Mechanical and Power Steering
Turning Circle
When the front wheels turn they are not following the same path. Each wheel must follow a different circle with the inside wheel following a smaller turning radius. The steering link mechanism turns the inner wheel more than the outer wheel. There are 2 main Steering gear types: rack-and-pinion and re-circulating ball.
Manual Rack-and-pinion Steering
Rack-and-pinion gearing converts the circular motion of the Steering wheel into linear motion. Either end of the rack is connected to a front wheel by a steering arm and tie-rod linkage. As the rack moves side to side, the front wheels turn left and right via the steering arms connected to the wheel spindles. The Rack and Pinion also provides a gear reduction to make turning easier. Most cars take three or four complete turns of the steering wheel to make the wheels move from full left to full right lock.
Power Rack-and-pinion Steering
a power-steering rack system has an hydraulic cylinder attached to the rack. Hydraulic steering fluid can be pumped in or out of two fluid ports on either side of the piston.
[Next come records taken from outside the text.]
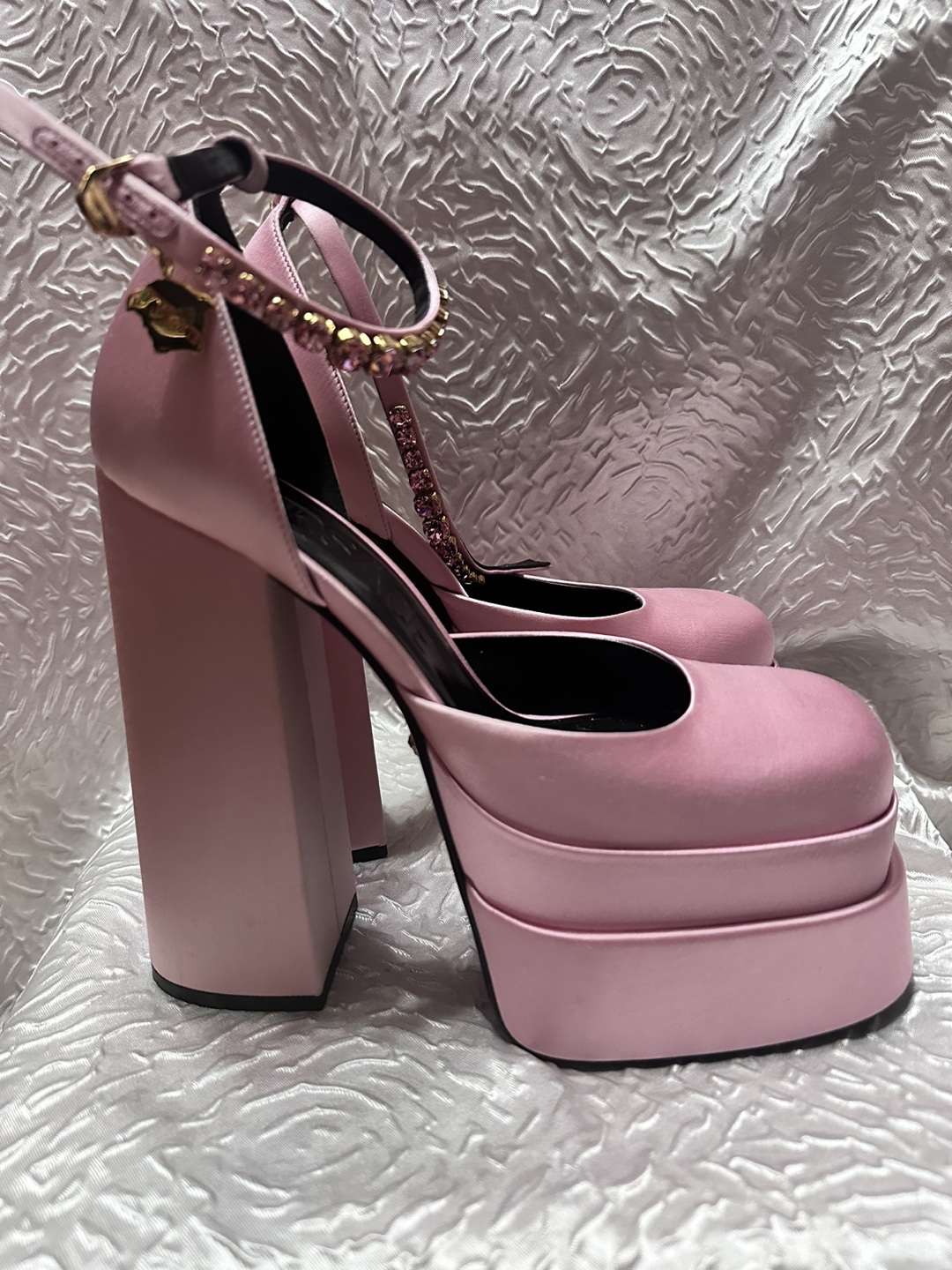 Versace Pink Satin Platform Heels pink - photo 5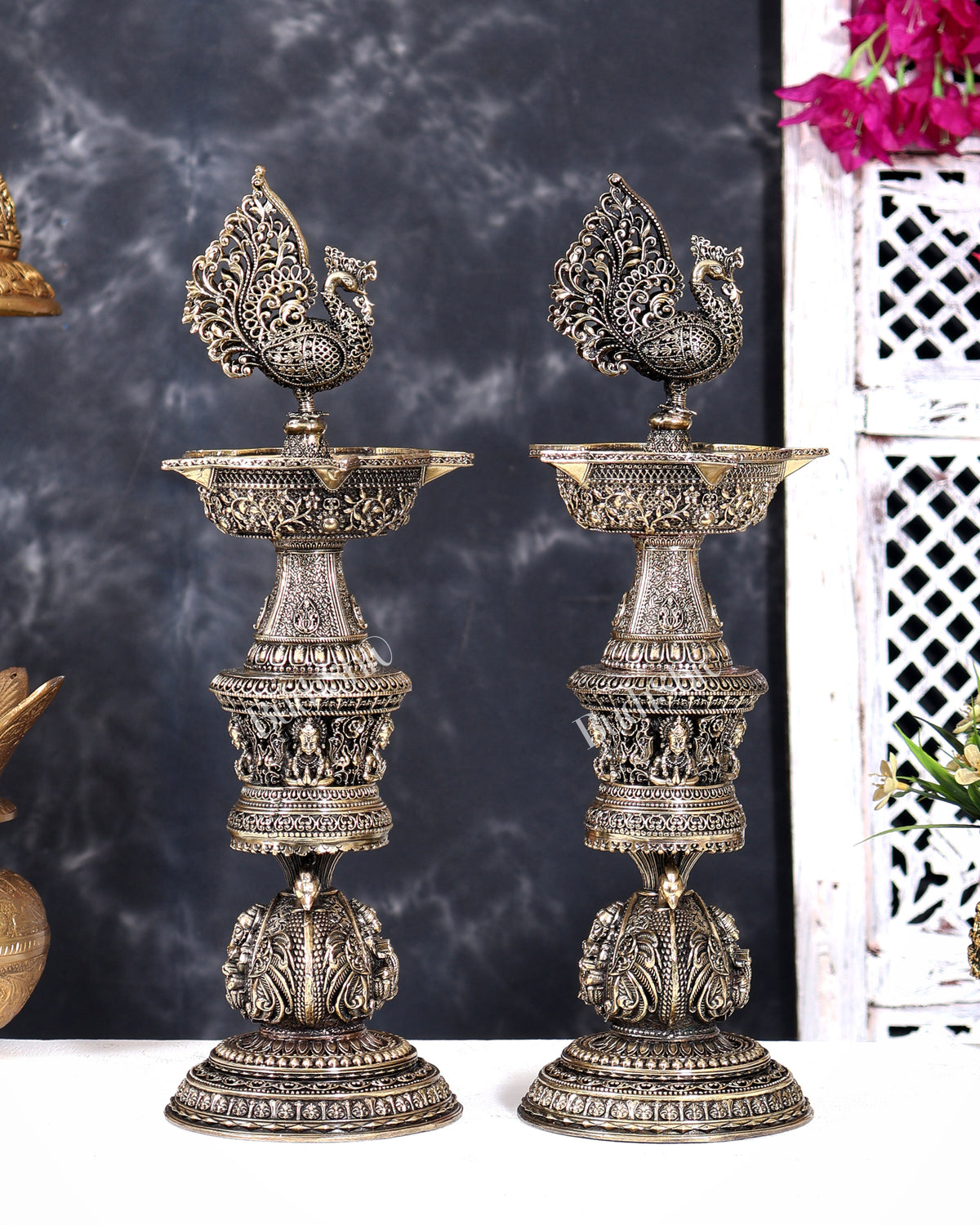 Brass Superfine Annam Pakshi Design Peacock Lamp with Ganesh Lakshmi Carvings 14 inch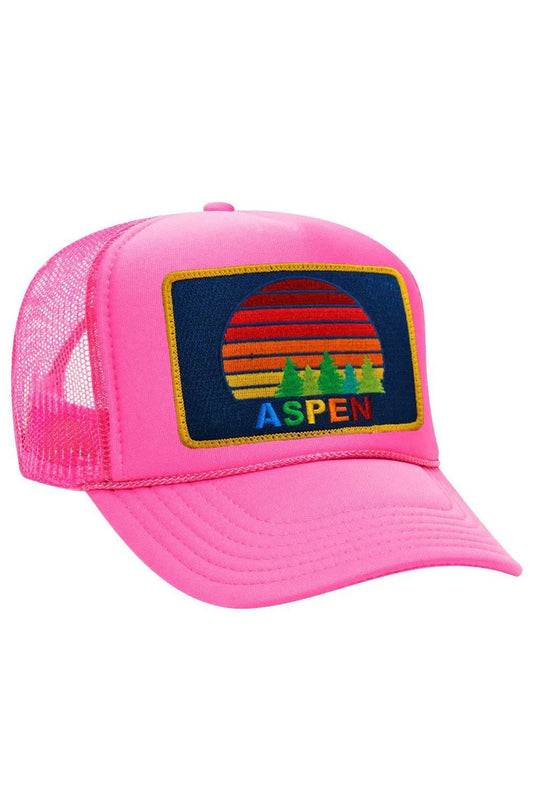 Aspen Sunset Trucker Hat - Neon Pink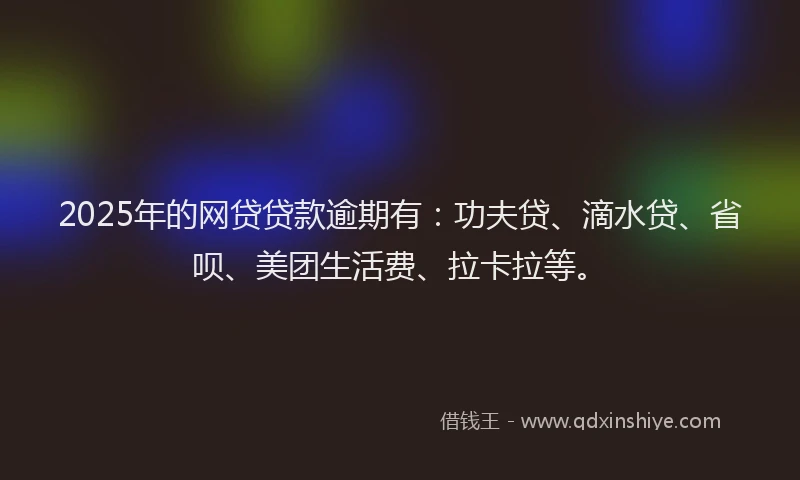 2025年的网贷贷款逾期有：功夫贷、滴水贷、省呗、美团生活费、拉卡拉等。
Supplying hydraulic fluid to one side under pressure forces the piston to move in the opposite direction, which in turn moves the rack thus providing power assisted steering.
Hydraulic Steering Pump
A rotary-vane pump contains a set of retractable vanes that spin inside an oval chamber. The pump receives its power from the engine using a belt and pulley system.
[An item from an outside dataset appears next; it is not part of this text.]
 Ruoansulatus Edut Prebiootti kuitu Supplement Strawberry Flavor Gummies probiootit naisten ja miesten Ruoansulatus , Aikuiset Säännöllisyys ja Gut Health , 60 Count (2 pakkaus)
The vanes spin, pulling or sucking hydraulic fluid from the return line under low pressure and pressurise it into the outlet providing the turning force.
As the pump is connected to the engine, its flow depends on the engine speed. Since it needs to have sufficient power or flow when the engine is idling it can move vastly more fluid than needed when the engine is revving at speed.
To compensate, the pump has a pressure-relief valve to limit the pressure at high engine speeds when excessive fluid is being pumped.
Rotary Steering Valve
A torsion bar in a rotary valve senses when torque is applied and interprets the driver's steering movements of the steering wheel to control the hydraulic power needed to assist in turning the vehicle. When driving in a straight line or when no steering force is needed the system shouldn't provide any turning force
When the steering wheel is not being turned, both hydraulic lines are in equilibrium and provide the same amount of pressure to the steering gears. As the valve senses movement and direction; the appropriate ports open up to provide high-pressure hydraulic fluid to the correct side of the piston.
Drive-Wire or Drive-By-Wire Power Steering
Rather than have the power-steering pump run constantly and wasting fuel, it's possible to use an electronically interpreted system. Turning sensors on the steering column could operate small servo-motors and provide direct power turning thus removing the usual mechanical linkages.
Recirculating-ball Steering
The Re-circulating ball steering system is mostly used on larger vehicles and contains a worm gear filled with ball bearings that move or circulate through the gear as it turns.